- Opening Delimiter -
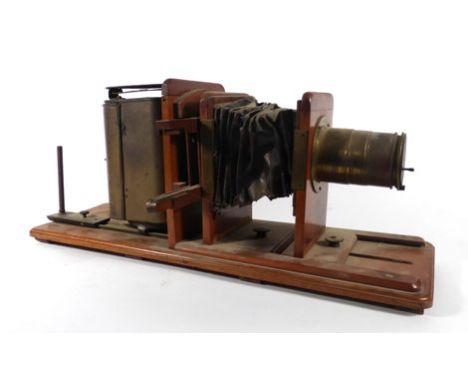 A Victorian brass and mahogany mounted magic lantern/slide projector, l 63 cm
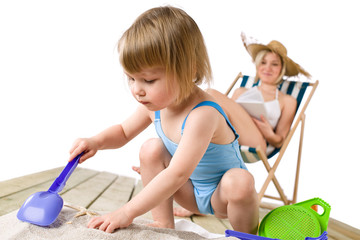 Beach - Mother with child playing with toys in sand
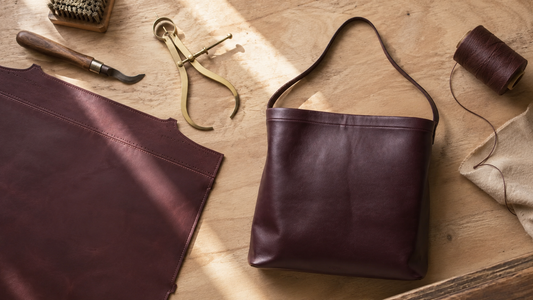 Flat lay of a burgundy leather tote bag alongside brass calipers, a cutting knife, and waxed thread on a wooden workbench.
- Closing Delimiter -
Work item:
Reproduce the lines above letter for letter. The pictures stay behind.

Answer area:
 A Victorian brass and mahogany mounted magic lantern/slide projector, l 63 cm
 Beach - Mother with child playing with toys in sand
 Flat lay of a burgundy leather tote bag alongside brass calipers, a cutting knife, and waxed thread on a wooden workbench.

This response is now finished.